╭──
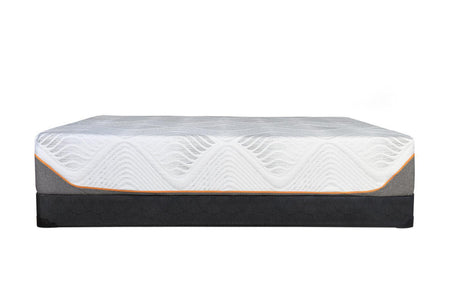 Aurora Plush 14" Thick Cooling Tempur-Style Memory Foam Mattress with Nano Coil Mattress - DirectBed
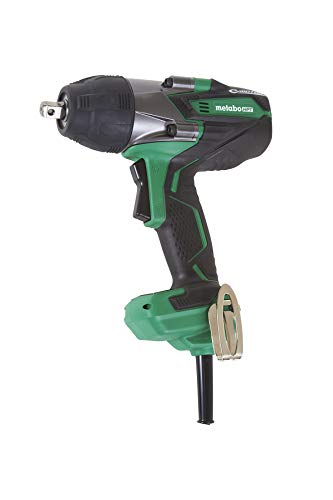 Metabo Hpt Impact Wrench, Corded, Ac Brushless Motor, 1/2" Square Drive, Four Selectable Impact Ranges (Wr16Se) #TOP1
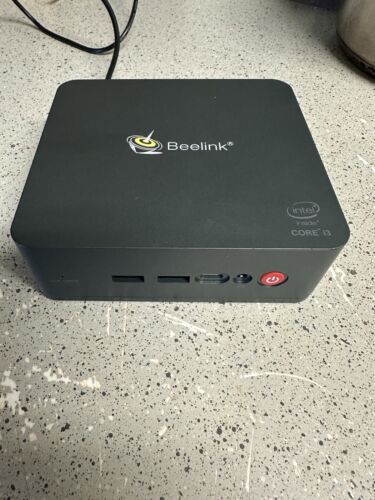 Beelink U55 Mini Desktop PC | Intel CPU | 8GB Ram | 128GB SSD | Factory Reset.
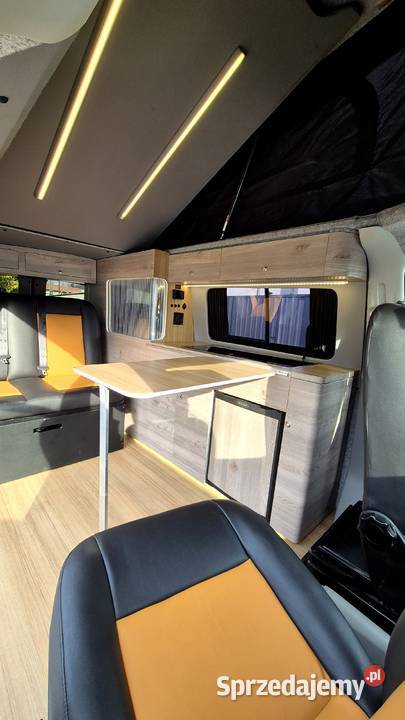 Volkswagen T5 California Camper nieuszkodzony wielkopolskie Leszno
╰──
- **ACTION ITEM**
Write out all of the data above exactly, without any of its pictures.

- **THE COMPLETED TASK**
 Aurora Plush 14" Thick Cooling Tempur-Style Memory Foam Mattress with Nano Coil Mattress - DirectBed
 Metabo Hpt Impact Wrench, Corded, Ac Brushless Motor, 1/2" Square Drive, Four Selectable Impact Ranges (Wr16Se) #TOP1
 Beelink U55 Mini Desktop PC | Intel CPU | 8GB Ram | 128GB SSD | Factory Reset.
 Volkswagen T5 California Camper nieuszkodzony wielkopolskie Leszno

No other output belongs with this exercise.